FRENCH NAVIGATORS, I

Amongst the most interesting particulars contained in two large 4to volumes, we must mention those relating to the Canary Islands and their ancient inhabitants the Serères and Yolof, on Iceland, and the accurate remarks made by Verdun upon the subject of the meridian of Faroe Islands.

"It was the most easterly meridian of these islands," he says, "that Ptolemy chose for the first meridian. It would doubtless have been easy for him to have selected Alexandria for the first meridian; but this great man was aware that such a choice would bring no real honour to his country, that Rome and other ambitious towns might covet this imaginary glory, that every geographer, every narrator of voyages, arbitrarily choosing his own meridian, would engender confusion or at least embarrassment in the mind of the reader."

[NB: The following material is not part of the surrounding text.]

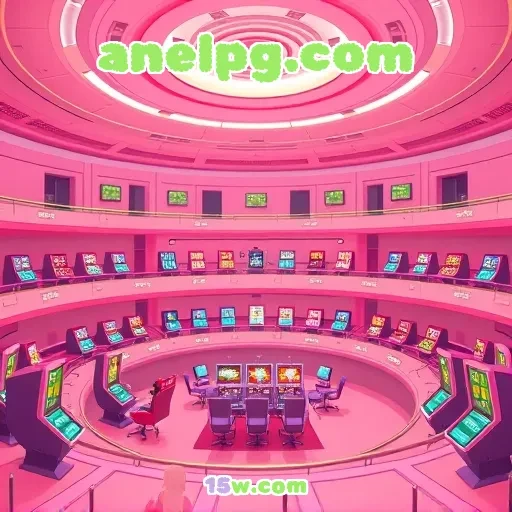 anelpg.com: Quebra-Cabeças que Estimulam a Mente e Divertem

Clearly Verdun regarded the question of the first meridian from a high standpoint, as all really disinterested minds still do. It gives him yet another claim to our sympathy.

Let us conclude with a quotation from this author: "The watches came out of the contest with honour. They had borne heat and cold, they had been becalmed, they had endured shocks as well as the vessel which carried them when it was wrecked at Antigua, and when it received charges of artillery. In a word, they fulfilled the hopes we had indulged, they deserve the confidence of navigators, and lastly they are of great service in the determination of longitude at sea."

The solution of the problem was found!